Ocho horas después me encontré de nuevo en el vestíbulo del hotel con mi maleta – esta vez sin que nos ofrecieran bebidas de cortesía – esperando al taxi que me llevaría al aeropuerto. Esta vez el panorama era diferente, había vida en el aeropuerto. Mucha gente comprando en las tiendas de duty-free y comiendo algo antes de embarcar. Parecía que la vida era, efectivamente, compatible con el coronavirus. Un escenario completamente diferente al de Caracas.
El vuelo a Miami duró un tercio del tiempo total que tuve que esperar en el aeropuerto de Miami. Después de un café con leche de Starbucks (imprescindible para los venezolanos tan pronto como pisamos tierras extranjeras), pude respirar tranquila al ver que mi vuelo a Londres llegaba a tiempo. Bueno, respirar es mucho decir cuando llevaba casi 27 horas inhalando y exhalando en una mascarilla N95 durante las últimas 11 horas, más 18 horas el día anterior.

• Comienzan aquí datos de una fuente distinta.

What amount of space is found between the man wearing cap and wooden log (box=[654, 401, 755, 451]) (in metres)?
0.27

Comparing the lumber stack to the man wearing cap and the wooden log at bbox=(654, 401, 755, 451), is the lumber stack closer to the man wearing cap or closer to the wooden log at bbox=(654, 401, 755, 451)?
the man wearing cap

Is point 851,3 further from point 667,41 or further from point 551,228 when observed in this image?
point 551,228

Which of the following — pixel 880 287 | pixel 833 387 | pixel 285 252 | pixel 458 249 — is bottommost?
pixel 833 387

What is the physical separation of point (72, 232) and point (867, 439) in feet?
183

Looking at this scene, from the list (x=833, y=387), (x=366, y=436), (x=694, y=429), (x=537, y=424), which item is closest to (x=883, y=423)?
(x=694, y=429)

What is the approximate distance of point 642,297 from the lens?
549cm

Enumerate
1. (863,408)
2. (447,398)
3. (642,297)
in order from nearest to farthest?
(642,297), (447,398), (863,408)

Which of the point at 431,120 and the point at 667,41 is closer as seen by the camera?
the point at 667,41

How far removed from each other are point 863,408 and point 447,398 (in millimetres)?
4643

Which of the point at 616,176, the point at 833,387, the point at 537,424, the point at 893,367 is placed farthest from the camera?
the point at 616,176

Finalmente, a las 7 pm embarqué mi último avión rumbo a Londres. Afortunadamente, los vientos de cola acortaron una hora del tiempo de viaje, tiempo que perdí arrastrando mi maleta de 23 kg (aunque sentía pesaba como media tonelada) por Abbey Road tratando de encontrar el apartamento de mis amigos. Tras una cálida bienvenida, un buen plato de comida y una siesta, finalmente pude decir “llegué sana y salva a mi nueva casa”.
Mudarme a Londres significó viajar por cuatro países diferentes en tres días, un calvario digno de un artículo, pero con la más dulce de las recompensas: formar parte del equipo de Fiduciam.